Information managers lose a decade to track down papers for public release
Phil Greenwood, Director at Iron Mountain
The timeframe for releasing archived records into the public domain has changed from 30 years to 20. To most people, changing a requirement from a very long time to a long time doesn’t sound that dramatic. But for the organisations charged with meeting that commitment, it’s a big step. Now a study[i] reveals that one in three public sector bodies doesn’t even realise the law has changed. The National Archives, whose vast vaults take delivery of all those documents, appears to have quite a challenge on its hands.
The reason behind the rule is the Government’s commitment to greater transparency. Among the many tens of thousands of documents transferred to The National Archives you will find the minutes of Cabinet meetings and other internal government files, notes and studies. This is not just the minutiae of democracy in action; it’s the evidence of what decisions were made about the big political and global issues of the day, who made them and how; and what information was collected, about who and why.
Under the 30-year rule, 2014 revealed to us the government debates around the 1984 Miners’ strike or the IRA bomb at the Grand Hotel in Brighton. Under the 20 year rule this year would also have revealed what went on behind closed doors in 1994, the year that the Channel Tunnel opened for business and the IRA declared a cease-fire.

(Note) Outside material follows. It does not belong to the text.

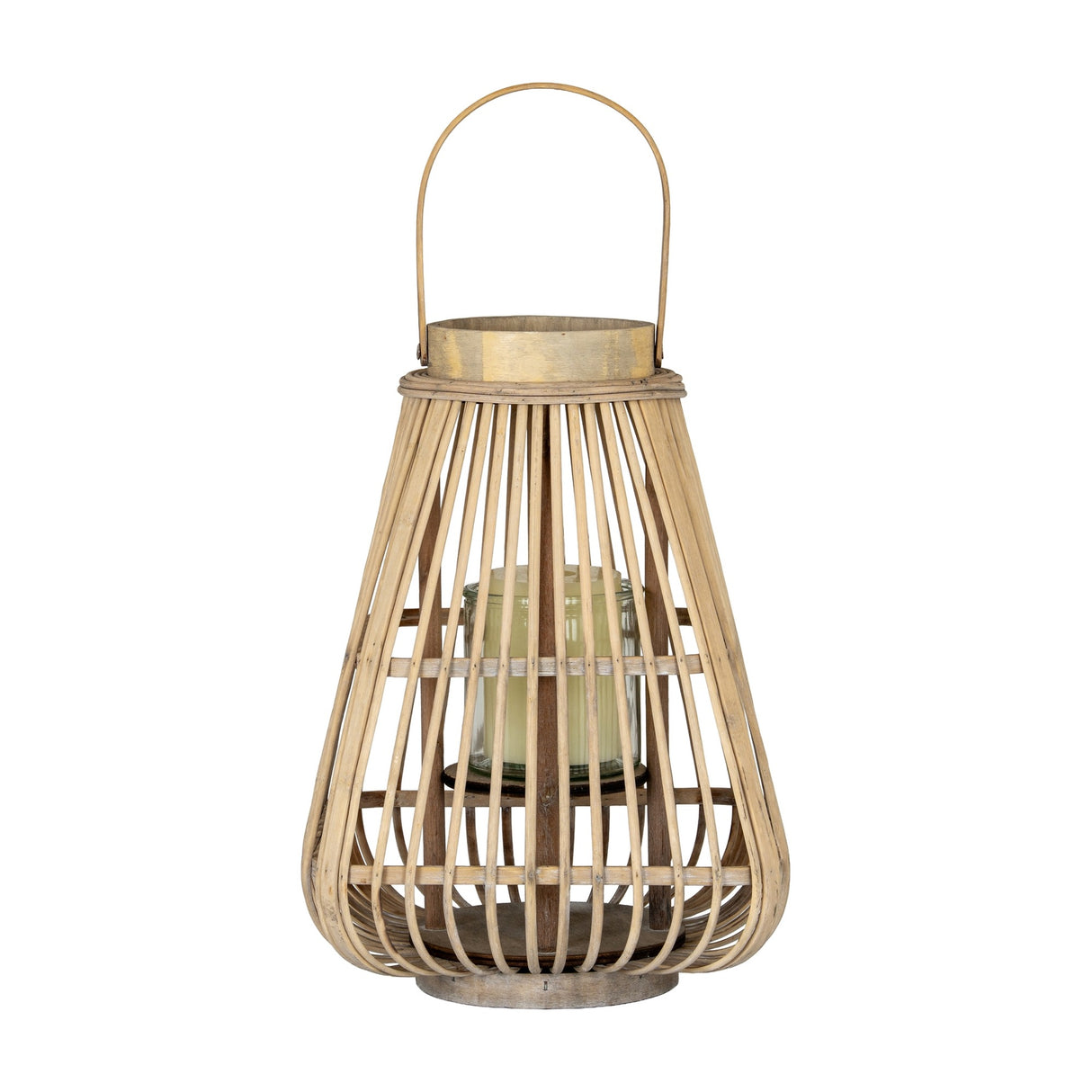 Medium Wicker Lantern with Glass Holder – Brown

All this depends on public sector bodies tracking down the relevant papers, preparing them for release and submitting them to the National Archives. Organisations that fail to meet this requirement could find themselves in breach of the Public Records Act, and at risk of a possible fine.

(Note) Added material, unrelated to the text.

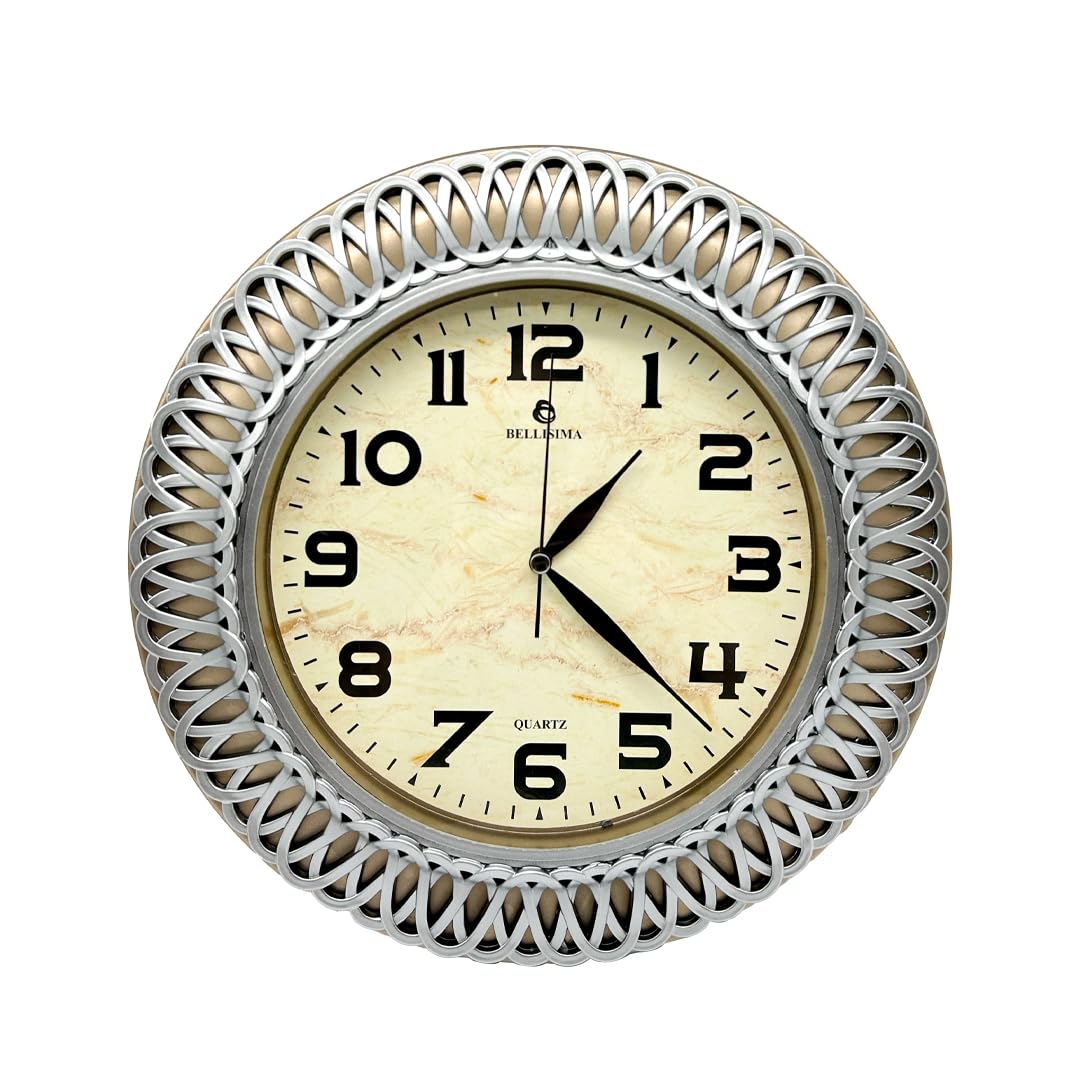 Bellisima BL-1057 Serisi Klasik Kadran İşleme Desenli Sessiz Akar 30 cm Duvar Saati Gold-Gri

We spoke to 150 senior executives responsible for information management and digital transformation in a wide range of public sector bodies. A third (30 per cent) are unaware the rule even exists, and a further 36 per cent know what is required of them but have yet to do anything about it. This is despite the fact that the law came into force in January 2013, with a phased introduction over ten years. For those who are struggling to comply, this is mainly because they need more time (76 per cent), greater competence (64 per cent), additional resources (45 per cent) and information (39 per cent).

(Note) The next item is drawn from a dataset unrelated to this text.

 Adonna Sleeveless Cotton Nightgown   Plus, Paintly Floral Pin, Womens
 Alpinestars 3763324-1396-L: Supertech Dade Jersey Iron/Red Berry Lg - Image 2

Effective information management is the key to meeting the new requirement. Just stacking up boxes of bulging Manila folders won’t be enough in a world of ever-growing information volumes and variety. The information that records and tracks the decisions made at times of political, economic, defence and cultural significance, by those we have chosen to represent us at, needs to be filed somewhere it can be protected and found.
The public sector organisations we spoke to are grappling with the practical implementation of this. They want support to meet the demands of the new law, and they need that support on several fronts. For many, the 30-to-20 year transition has exposed a gap in information and expertise when it comes to tracking down and preparing dormant documents for submission. This is where the use of trusted external partners can have a real impact, adding those resources and smoothing the process. For example, since the Act came into force, we have worked with multiple government departments to enable them to assess and review in excess of two million files, which allows them to be compliant with the new legislative requirements in a cost effective way.
At the same time, public sector organisations need to lay the foundations for the future. The shorter time frames for submission are here to stay. This requires watertight information management processes for the information created today. Inactive files need to be effectively indexed and securely stored, preferably offsite, for rapid search and retrieval when required. And the story doesn’t end when the documents, discs and tapes roll up outside The National Archives.
The Archives hold 11 million government and legal documents, and the number continues to grow. It retains for posterity just five per cent of all the documents received. The judgement of which documents to keep is made in collaboration with the submitting entity. Public sector organisations need a deep understanding of what information they hold. Then they will be best placed to ensure that what is kept today, is what history will need tomorrow.
[i] Information Management in the UK Public Sector, Coleman Parkes for Iron Mountain, April 2014. The study questioned 150 senior information management, transformation, IT, procurement and record management executives in central government departments, executive agencies, non-departmental government bodies and arms-length bodies.